Akses pembiayaan menjadi bagian lain yang diperkuat dalam rangkaian SELARAS 2026. Bank Indonesia mempertemukan pelaku UMKM dan usaha syariah dengan perbankan maupun lembaga keuangan melalui kegiatan business matching. Nilai business matching pembiayaan syariah tercatat mencapai sekitar Rp500 juta. Pertemuan tersebut diharapkan membantu pelaku usaha memperoleh pembiayaan untuk meningkatkan kapasitas produksi, memperbaiki kualitas produk, maupun memperluas pasar. Selain pembiayaan komersial, pengembangan ekonomi sosial syariah melalui zakat, infak, sedekah, dan wakaf juga mendapatkan ruang dalam kegiatan tersebut. Integrasi sektor komersial dan sosial diharapkan dapat memperkuat fondasi ekonomi masyarakat secara lebih merata.

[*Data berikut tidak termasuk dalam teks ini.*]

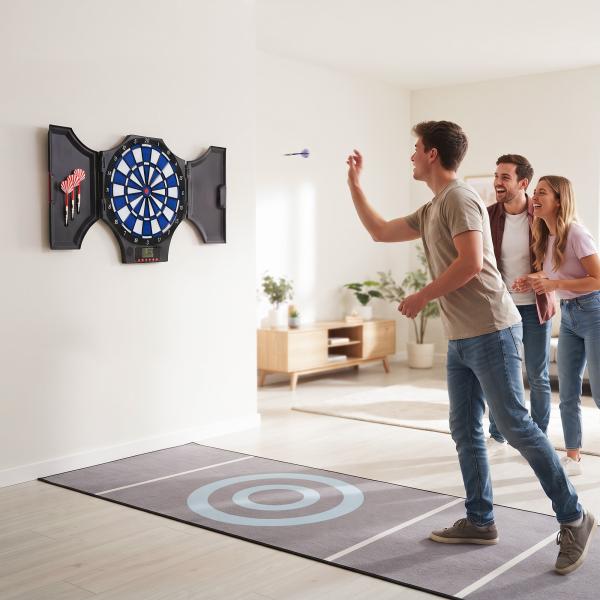 Alvo Eletrónico Dobrável com 31 Jogos para 8 Jogadores com 6 Dardos e 6 Pontas de Substituição Ecrã LCD 83x4x45 cm Preto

SELARAS 2026 juga menjadi momentum pengembangan pariwisata ramah Muslim di Banyumas Raya. Program tersebut tidak semata-mata berkaitan dengan label destinasi, tetapi diarahkan pada penyediaan layanan yang memberikan kepastian dan kenyamanan bagi wisatawan. Informasi mengenai kehalalan makanan, keberadaan fasilitas ibadah, kebersihan, serta kualitas pelayanan menjadi beberapa unsur yang dapat diperkuat. Dalam rangkaian kegiatan juga dilakukan peluncuran Zona Kuliner Halal, Aman, dan Sehat di Pujasera UIN Prof. K.H. Saifuddin Zuhri Purwokerto serta Z-Corner Banyumas Kota Lama. Pengembangan kawasan kuliner tersebut diharapkan menjadi contoh penerapan ekosistem halal pada sektor makanan dan pariwisata. Potensi wisata Banyumas Raya dengan demikian dapat dihubungkan dengan pertumbuhan UMKM dan industri halal lokal.

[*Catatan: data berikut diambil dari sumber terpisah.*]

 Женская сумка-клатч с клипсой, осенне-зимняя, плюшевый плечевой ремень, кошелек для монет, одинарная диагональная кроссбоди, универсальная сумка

Integrasi dengan Festival Literasi membuat kegiatan tahun ini memiliki cakupan edukasi yang lebih luas. Berbagai agenda digelar, mulai dari edukasi ekonomi syariah, forum diskusi, seminar pembiayaan, bazar buku, bedah buku, festival kuliner halal, hingga ruang edukasi kebanksentralan. Program Piwulang.id turut diperkenalkan sebagai portal edukasi dan pembelajaran kebanksentralan. Kegiatan juga melibatkan perguruan tinggi, lembaga keuangan, komunitas, pesantren, serta berbagai institusi yang mempunyai peran dalam peningkatan literasi masyarakat. Pendekatan tersebut diharapkan membuat masyarakat tidak hanya menjadi konsumen dalam kegiatan ekonomi, tetapi mempunyai pemahaman yang memadai mengenai layanan keuangan dan perkembangan ekonomi. Literasi yang lebih baik juga diperlukan agar perluasan digitalisasi berlangsung secara aman dan produktif.

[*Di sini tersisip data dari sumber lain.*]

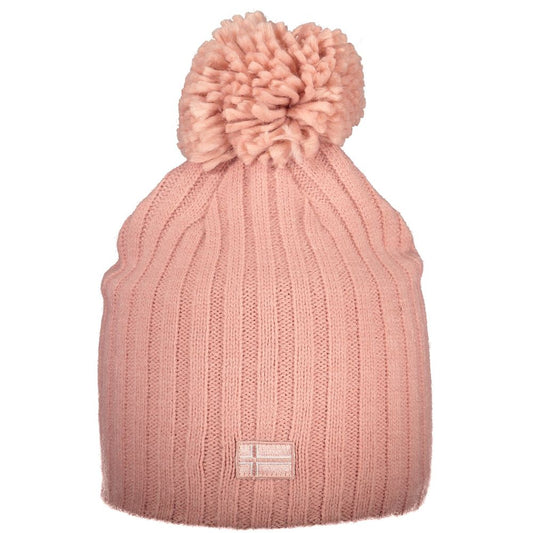 Pink ribbed knit acrylic beanie hat with a large pom pom on top and a small patch logo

Melalui SELARAS 2026, Bank Indonesia menempatkan kolaborasi sebagai fondasi utama untuk memperkuat ekonomi syariah Banyumas Raya. Pemerintah daerah, perbankan, perguruan tinggi, pesantren, UMKM, komunitas, dan masyarakat mempunyai peran berbeda yang perlu dihubungkan dalam satu ekosistem. Capaian transaksi sekitar Rp1,29 miliar selama festival menjadi salah satu indikator aktivitas ekonomi yang tercipta, sementara business matching, sertifikasi halal, pengembangan pesantren, digitalisasi pembayaran, dan peningkatan literasi memberikan dampak yang bersifat lebih jangka panjang. SELARAS juga menjadi bagian dari rangkaian pengembangan ekonomi syariah menuju Festival Ekonomi Syariah Jawa Tengah dan Indonesia Sharia Economic Festival. Pengembangan berikutnya diarahkan agar UMKM semakin kompetitif, memperoleh akses pembiayaan dan pasar lebih luas, serta mampu memanfaatkan teknologi digital. Dengan penguatan yang berkelanjutan, ekonomi dan keuangan syariah diharapkan menjadi salah satu sumber pertumbuhan baru yang inklusif bagi Banyumas, Cilacap, Purbalingga, dan Banjarnegara.